* **What the task asks**: In your copy, include every line of the records exactly and no picture at all.

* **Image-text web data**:

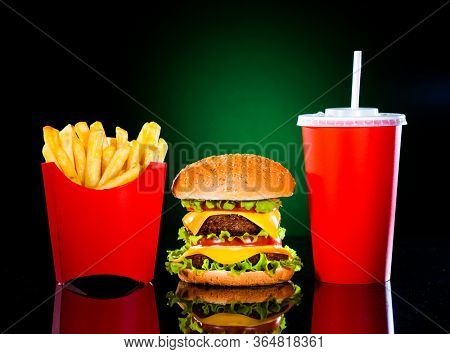 Tasty hamburger and french fries on a dark green background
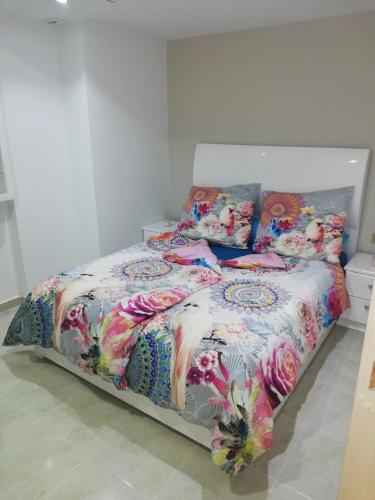 a bed with a colorful comforter and pillows on it at Holiday Dream port Ghalib in Abu Dabab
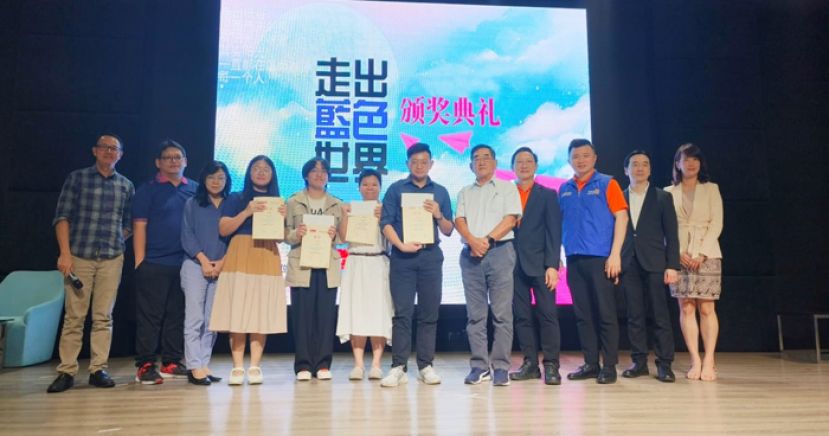 古晋南扶轮社及砂拉越星座诗社联办征文比赛得奖者与嘉宾合照。右四为古晋南区扶轮社社长黄永兴；右三为走出蓝色世界心理健康座谈会筹委会主席李鸿辉；右二为 国际扶轮3310区 社区服务组主委莫荣耀；右五为砂拉越星座诗社主席黄泽荣。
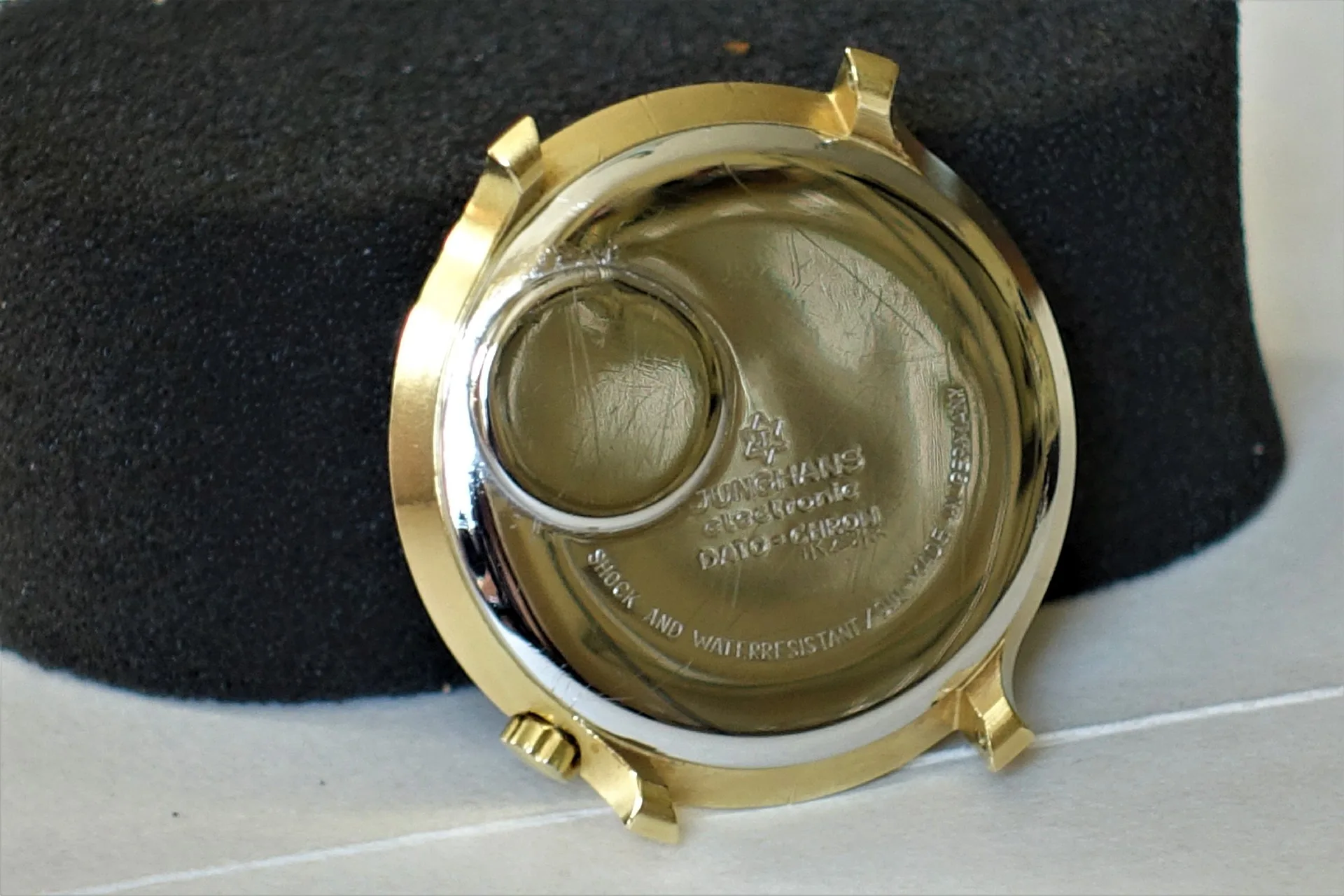 Rundes Uhrgehäuse in goldfarbener Ausführung mit sichtbarer Gravur auf der Innenseite.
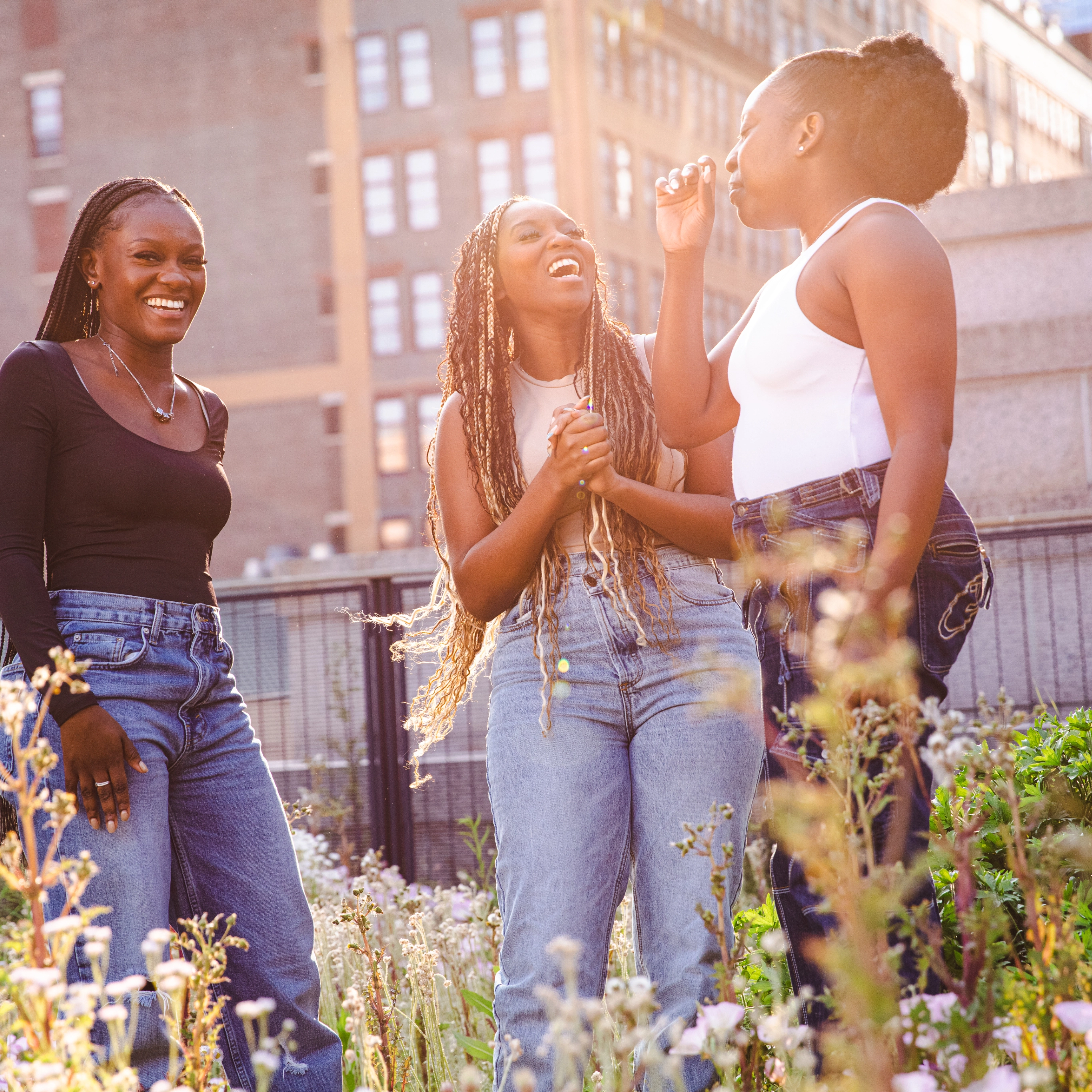 Three women laughing and talking to each other.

* **Solution for this task**:
 Tasty hamburger and french fries on a dark green background
 a bed with a colorful comforter and pillows on it at Holiday Dream port Ghalib in Abu Dabab
 古晋南扶轮社及砂拉越星座诗社联办征文比赛得奖者与嘉宾合照。右四为古晋南区扶轮社社长黄永兴；右三为走出蓝色世界心理健康座谈会筹委会主席李鸿辉；右二为 国际扶轮3310区 社区服务组主委莫荣耀；右五为砂拉越星座诗社主席黄泽荣。
 Rundes Uhrgehäuse in goldfarbener Ausführung mit sichtbarer Gravur auf der Innenseite.
 Three women laughing and talking to each other.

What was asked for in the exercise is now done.